/msstats

msstats calculates many common popgen summary statistics from the output of the coalescent simulation "ms".

Primary LanguageTeXGNU General Public License v2.0GPL-2.0

msstats - read data from ms via stdin, calculate common summary statistics

Copyright (C) 2002 Kevin Thornton

msstats is free software; you can redistribute it and/or modify it under the terms of the GNU General Public License as published by the Free Software Foundation; either version 2 of the License, or (at your option) any later version.

This program is distributed in the hope that it will be useful, but WITHOUT ANY WARRANTY; without even the implied warranty of MERCHANTABILITY or FITNESS FOR A PARTICULAR PURPOSE. See the GNU General Public License for more details.

You should have received a copy of the GNU General Public License along with this program; if not, write to the Free Software Foundation, Inc., 59 Temple Place, Suite 330, Boston, MA 02111-1307 USA

Comments are welcome.

- Kevin Thornton <krthornt@uci.edu>

Deprecated

The final release of this software is version 0.3.5, which is compatible with libsequence 1.9.2. No further updates will occur, and the GitHub repository is archived/read-only.

#Usage

[coalesent simulation] | msstats | gzip > stats.gz

"coalescent simulation is assumed to be any program that prints biallelic marker output in the format of Dick Hudson's ms (http://home.uchicago.edu/~rhudson1)

This format looks like this:

//
segsites: 2
positions: 0.1 0.9
01
10

The above is for 2 "SNPs" in a sample of size n = 2

#Installation

./configure

make

sudo make install

##If dependent libraries are in non-standard locations. For example, "/opt":

CXXFLAGS=-I/opt/include LDFLAGS="$LDFLAGS -L/opt/lib" ./configure

make

sudo make install

##Installing somewhere other than /usr/local/bin

./configure --prefix=/path/to/where/you/want/it

For example,

./configure --prefix=$HOME

make

make install

will result in msstats being in ~/bin.

##Notes on calculations for metapopulations.

If the input data contain ordered samples from multiple demes, you may pass that info to msstats as follows:

-I D n0 n1 ... nD,

where D is the number of demes and n0 is the sample size in the first deme, etc.

When -I is used, summary statistics will be calculated for each deme within each replicate. The columns "rep" and "pop" will tell you which deme in which replicate each statistic corresponds to.

The program will exit with an error if the sum of deme sizes does not equal the input sample size read from STDIN.

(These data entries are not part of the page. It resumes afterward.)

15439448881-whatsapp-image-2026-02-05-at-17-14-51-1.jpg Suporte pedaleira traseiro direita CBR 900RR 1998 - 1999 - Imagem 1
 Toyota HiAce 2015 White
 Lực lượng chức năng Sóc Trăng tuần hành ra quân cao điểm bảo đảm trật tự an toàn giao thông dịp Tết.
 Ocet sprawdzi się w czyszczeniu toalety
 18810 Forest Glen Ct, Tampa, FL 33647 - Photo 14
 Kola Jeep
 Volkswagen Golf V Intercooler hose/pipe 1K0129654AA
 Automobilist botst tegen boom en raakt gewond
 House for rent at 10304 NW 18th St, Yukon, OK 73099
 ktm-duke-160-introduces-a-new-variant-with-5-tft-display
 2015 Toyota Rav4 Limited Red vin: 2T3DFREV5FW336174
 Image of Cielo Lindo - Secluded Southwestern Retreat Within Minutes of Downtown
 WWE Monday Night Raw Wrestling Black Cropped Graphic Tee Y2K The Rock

When the -I option is used, msstats will report Hudson, Slatkin, and Maddison's Fst statistic. The reference for this statistic is:

Hudson, Slatkin and Maddison (1992) Estimation of levels of gene flow from population data. Genetics 132:583-589

For all pairwise comparisions amongst the D demes, you will see output columns with headers hsmij, which is the Fst statistic calculated between demes i and j. These numbers will be repeated for each deme within each replicate. Thus, to get the actual distribution of Fst for a simulation, you should condition on the line of results for just one population. For example:

ms 30 100 -t 10 -I 3 10 10 10 1 | ./src/msstats -I 3 10 10 10 > output

Then, using R,

x=read.table("output",header=T)
mean(x$hsm01[x$pop==0])
[1] 0.3511204

#The output

##For a single population

There are 21 columns in the output:

  1. S = the number of "segregating sites", aka mutations. (Watterson, 1975)
  2. n1 = the number of singletons in the data. This is the number of mutations at frequency 1 and n-1 in the sample.
  3. next = the number of "external mutations" (sensu Fu) = the number of derived singletons.
  4. theta = Watterson's estimate of theta
  5. pi = "sum of site heterogzygosity" = sum of 2pq over the S sites. (Nei, Tajima, others).
  6. thetaH = Fay and Wu's estimator of theta. Their H statistic is pi - thetaH, hence no column for it.
  7. Hprime = Zeng et al.'s normalized Fay and Wu's H.
  8. tajd = Tajima's D
  9. fulif = Fu and Li's F
  10. fulid = Fu and Li's D
  11. fulifs = Fu and Li's F-star
  12. fulifds = Fu and Li's D-star
  13. rm = Hudson and Kaplan's Rmin
  14. rmmg = Myers and Griffiths simplest lowest bound on Rmin
  15. nhap = Number of distinct haplotypes. Depaulis and Veuille
  16. hdiv = haplotype diversity. Depaulis and Veuille
  17. wallB = Jeff Wall's B
  18. wallQ = Jeff Wall's Q
  19. rosarf = Ramos-Onsins and Rozas Rf statistic
  20. rosarf = Ramos-Onsins and Rozas Ru statistic
  21. zns = Kelly's Zns = average pairwise r-squared.